The BJP has no doubt that its prime ministerial candidate Narendra Modi contesting from Varanasi will win, for two reasons.
First, Modi is a sure winner. Second, Varanasi has been a BJP bastion except in 2004 when Rajesh Mishra of Congress won the seat.
Three of the five assembly seats in urban Varanasi belong to the BJP, as do the municipal corporation and the mayoral office. But the party is not complacent. It is deploying its volunteers as though it is fighting a full-fledged battle and the opponents are formidable.
So, what is the plan that the BJP wants to follow for the May 12 voting in the constituency that has suddenly become famous across the country?
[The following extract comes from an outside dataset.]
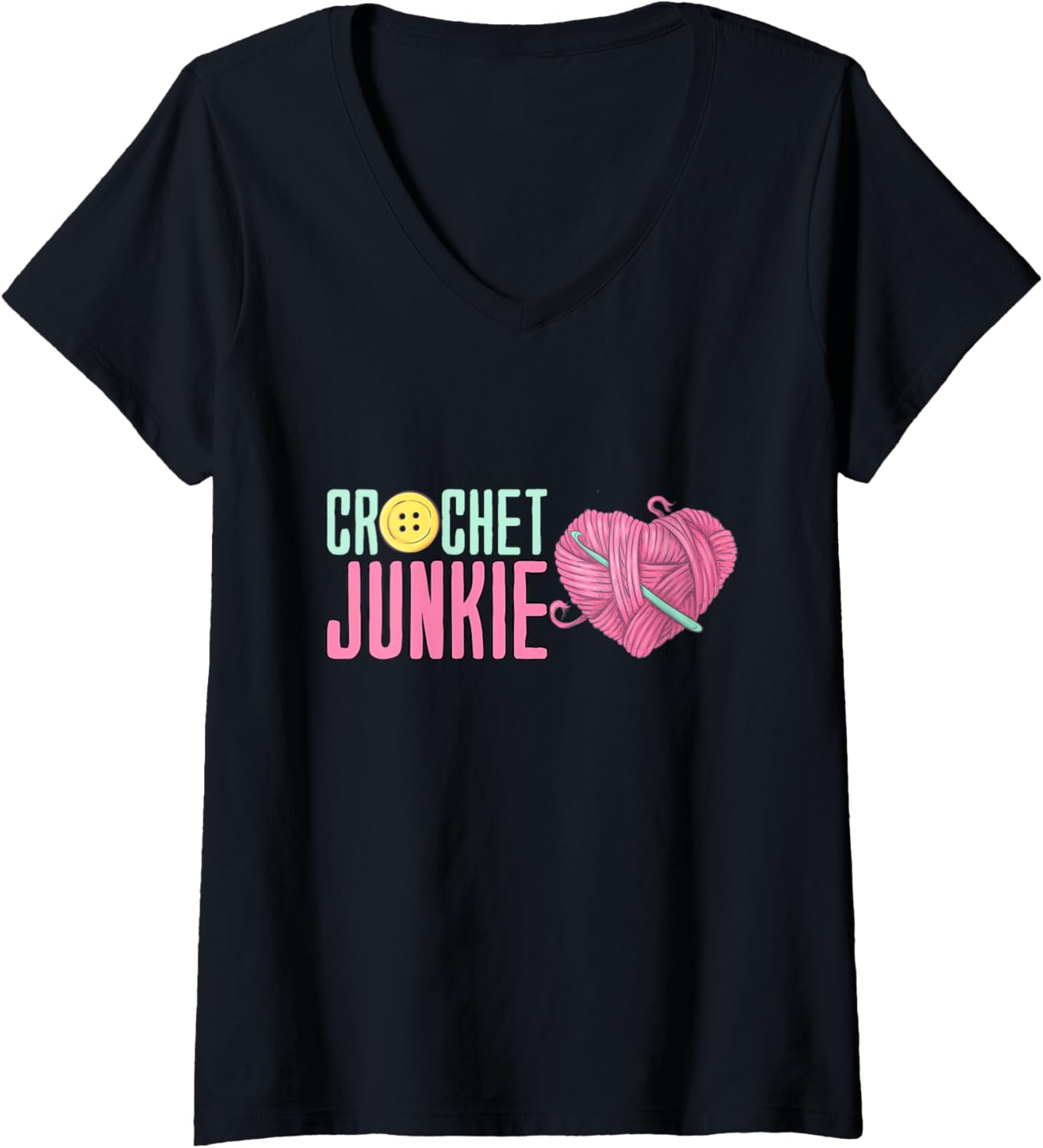 Womens Crochet Junkie - Yarn Lover V-Neck Yarn Supply | Viral US Pick | High CTR Title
Varanasi has been famous for everything except as a parliamentary constituency. Modi contesting from Varanasi has turned it into a political hotspot.
Modi's election office on Sighra Road is a multi-storeyed new building that has now been thrown open to party volunteers who will man the poll machinery of the candidate. The lift has just been installed to reach the third floor, computers are being fixed. Meanwhile, enthusiastic workers are scattered in the spacious halls and the footwear are piled high in the porch.
Congress functionaries in a sprawling hall and sitting on the traditional white sheets on the floor mockingly point to the Modi election office and cite it as an example of the huge sums of money that the BJP is spending in this election.
What is the plan that is being put in place for the next two weeks leading up to the voting day? There will be four big election meetings in each of the five assembly constituencies, taking the total to 20. It is not yet decided which big leaders will campaign for the party's PM candidate, but it is being suggested that the party's bigwigs will be there. But there is a certain indifference to the presence of senior leaders. They will of course join the campaign but it will not be necessary.
What is the number of people directly involved in the Modi election?
Sudhir Mishra, BJP general secretary in Varanasi, says that there are 1,650 booths in the constituency and 20 people have been placed at each of these booths. That adds up to 32,000 people.
Is Amit Shah, the party in-charge in Uttar Pradesh, playing a special role in Varanasi? There is no need, answers Mishra. He says Varanasi is a BJP bastion and there is no need for any special attention and he implies that Shah is not involved in the electioneering here. He also dismisses a question about the caste factor that will influence the election outcome.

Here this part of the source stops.